_BRIEF_
Every record must come back unchanged, apart from the pictures, which are dropped.

_GIVEN RECORDS_
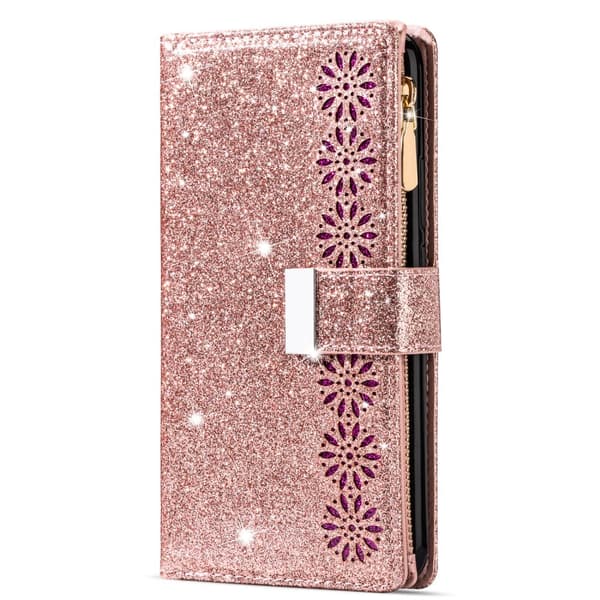 For Samsung Galaxy S25+ Etui Stjernehimmel Gravert Lommebokdeksel Pink gold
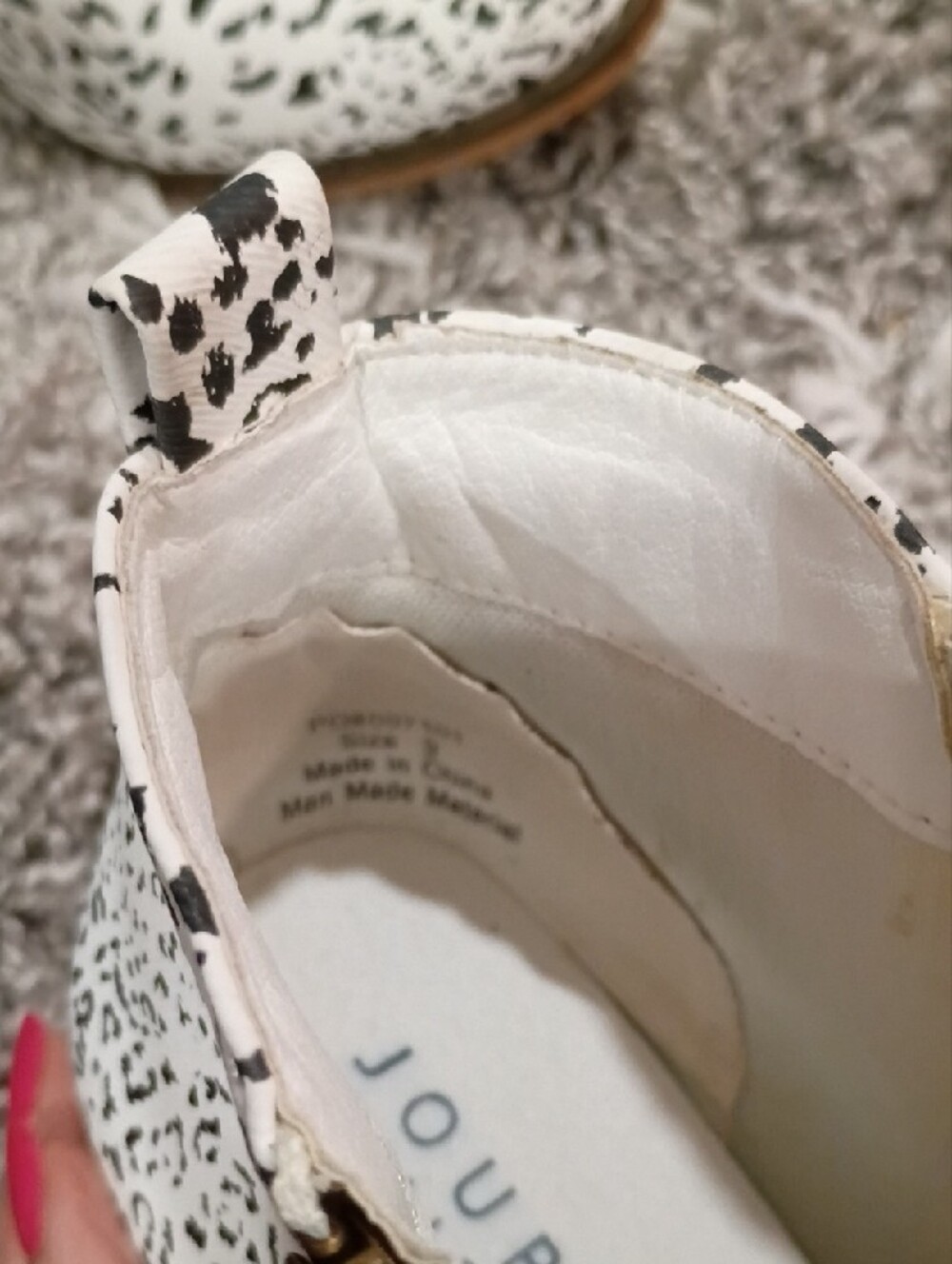 Journee Collection White with Black Spotted Print Ankle Booties - Picture 10 of 10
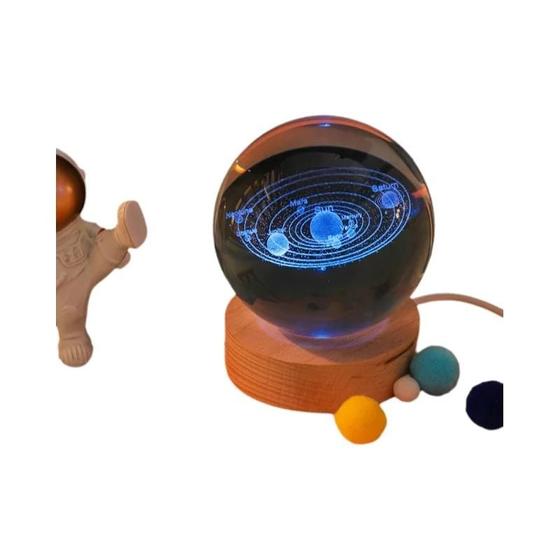 Imagem de Luz Noturna LED USB 3D - Lâmpada Galaxy Crystal Ball com Formato de Lua e Planeta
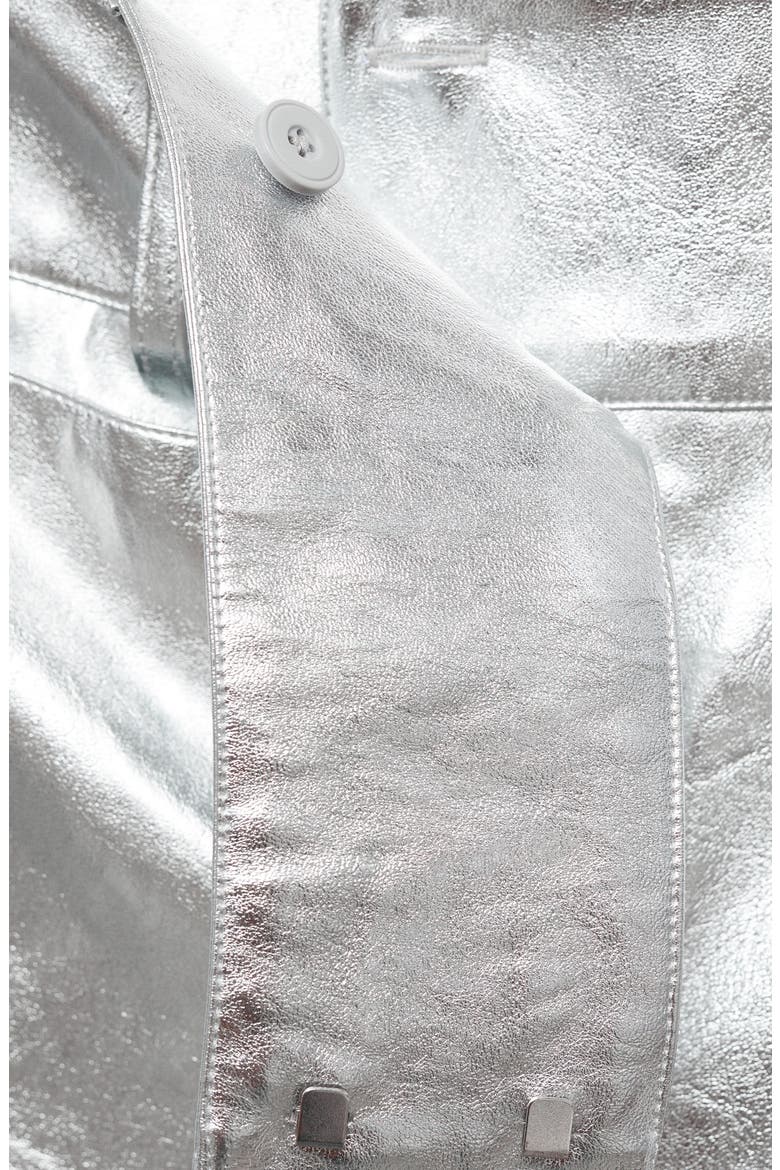 Metallic Faux Leather Pants, Alternate, color, SILVER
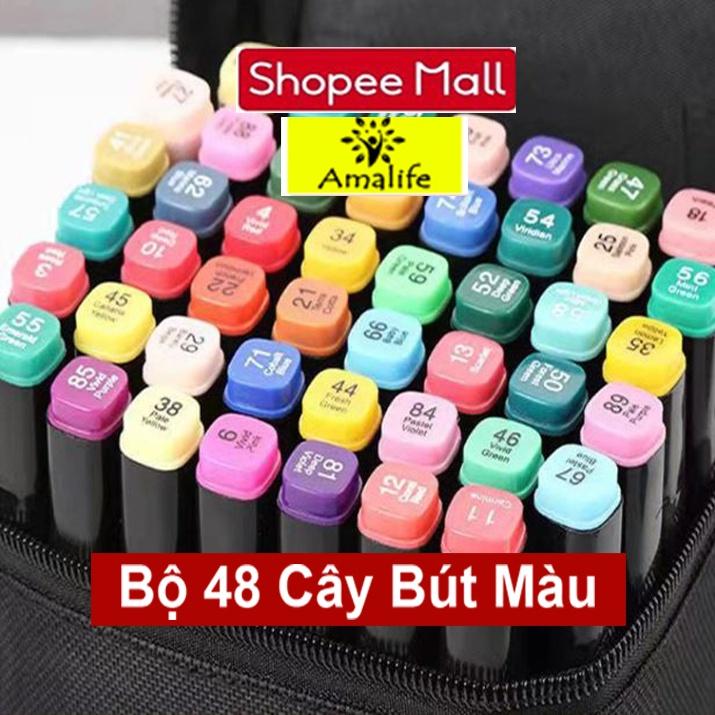 Bộ 48 Bút Màu Dạ Maker Touch 2 Đầu Họa Cụ Để Vẽ Tranh, Tô Màu, Vẽ Anime, Highlight, Take Note - Chính Hãng Amalife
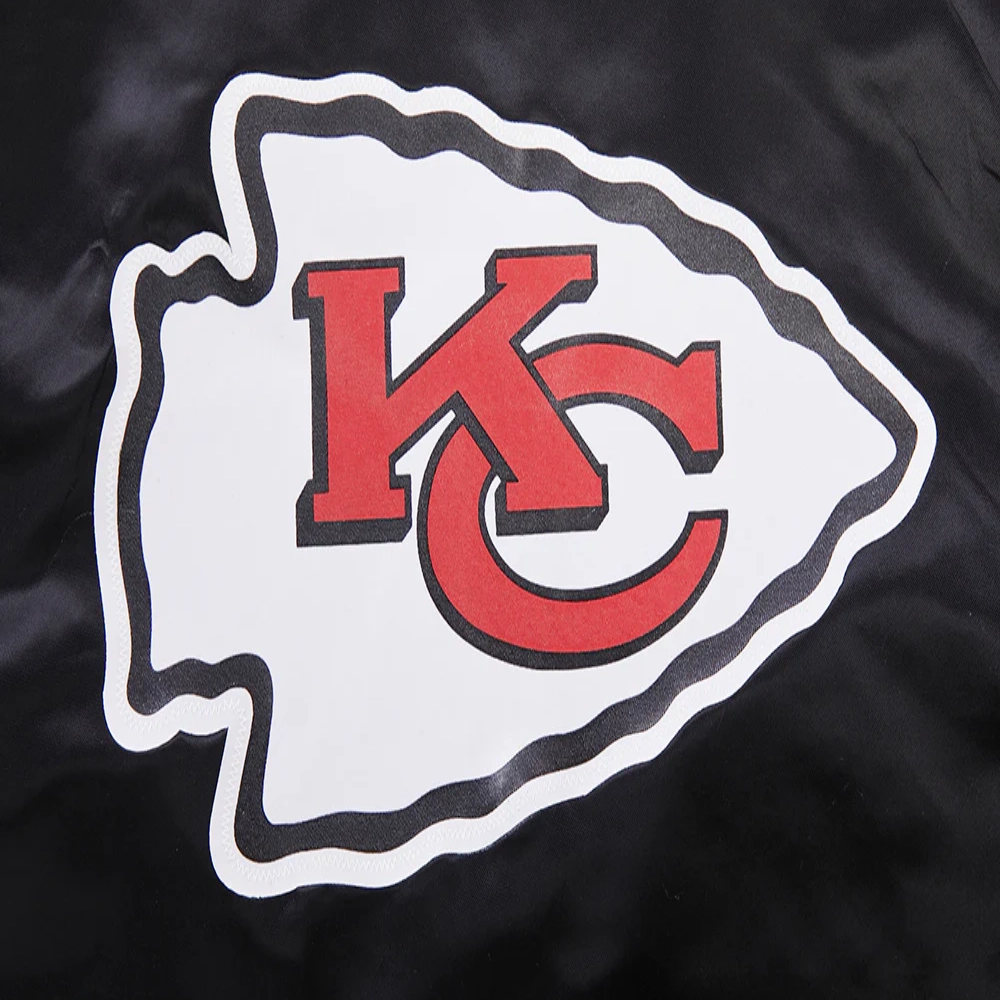 Woman's Kansas City Chiefs Classic Black Satin Varsity Jacket - Image 6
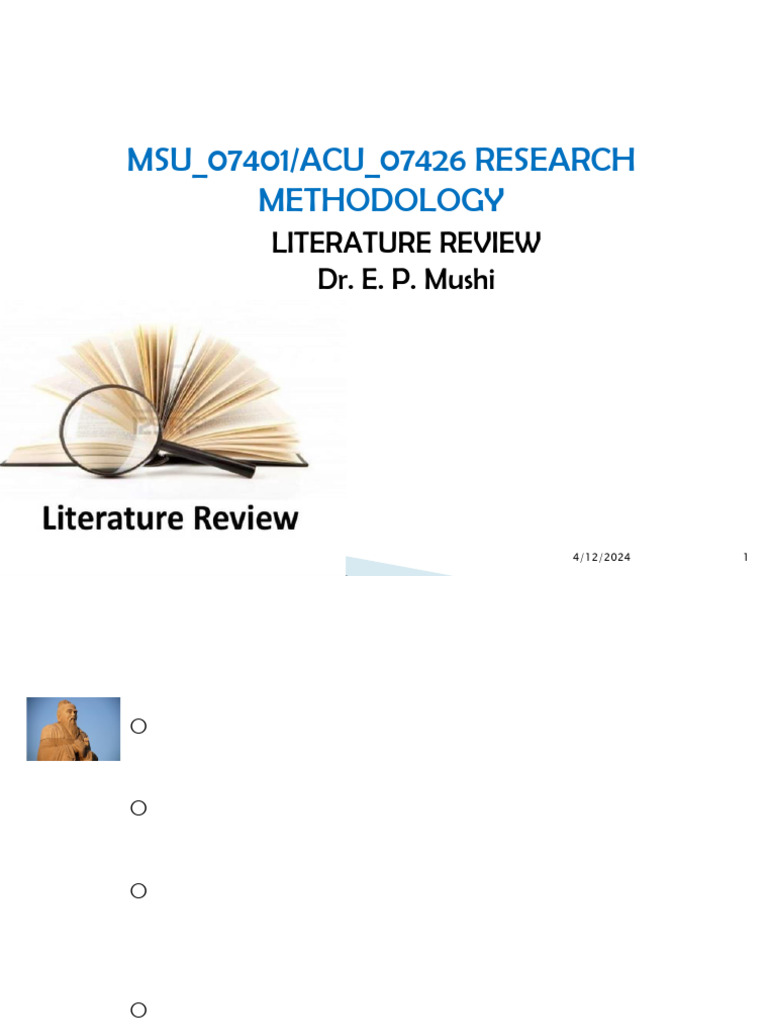 Literature Review Research Methodology Guide | PDF | Literature Review ...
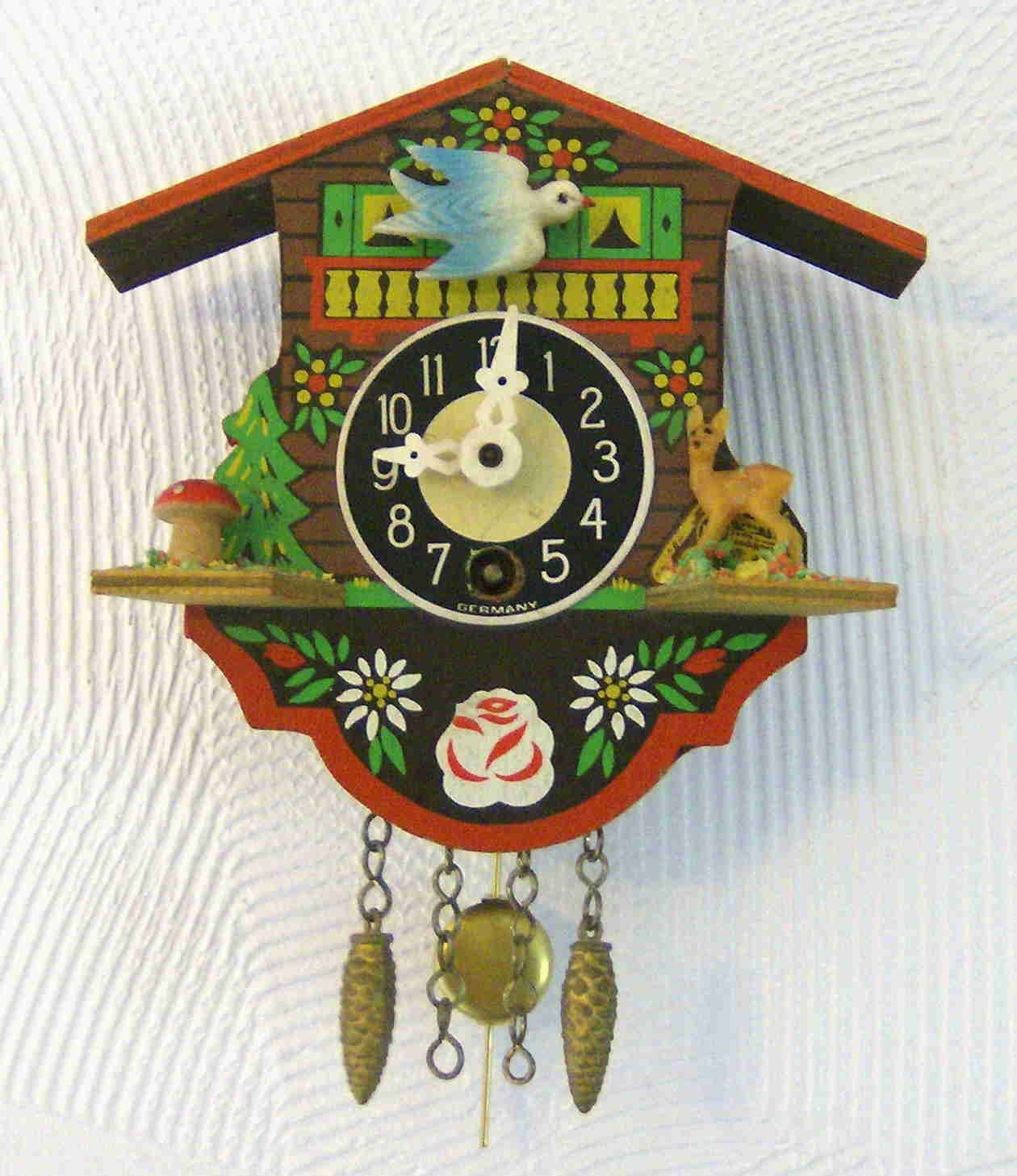 Painted Mini Cuckoo Clock by wierclock on Etsy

_COMPLETED EXERCISE_
 For Samsung Galaxy S25+ Etui Stjernehimmel Gravert Lommebokdeksel Pink gold
 Journee Collection White with Black Spotted Print Ankle Booties - Picture 10 of 10
 Imagem de Luz Noturna LED USB 3D - Lâmpada Galaxy Crystal Ball com Formato de Lua e Planeta
 Metallic Faux Leather Pants, Alternate, color, SILVER
 Bộ 48 Bút Màu Dạ Maker Touch 2 Đầu Họa Cụ Để Vẽ Tranh, Tô Màu, Vẽ Anime, Highlight, Take Note - Chính Hãng Amalife
 Woman's Kansas City Chiefs Classic Black Satin Varsity Jacket - Image 6
 Literature Review Research Methodology Guide | PDF | Literature Review ...
 Painted Mini Cuckoo Clock by wierclock on Etsy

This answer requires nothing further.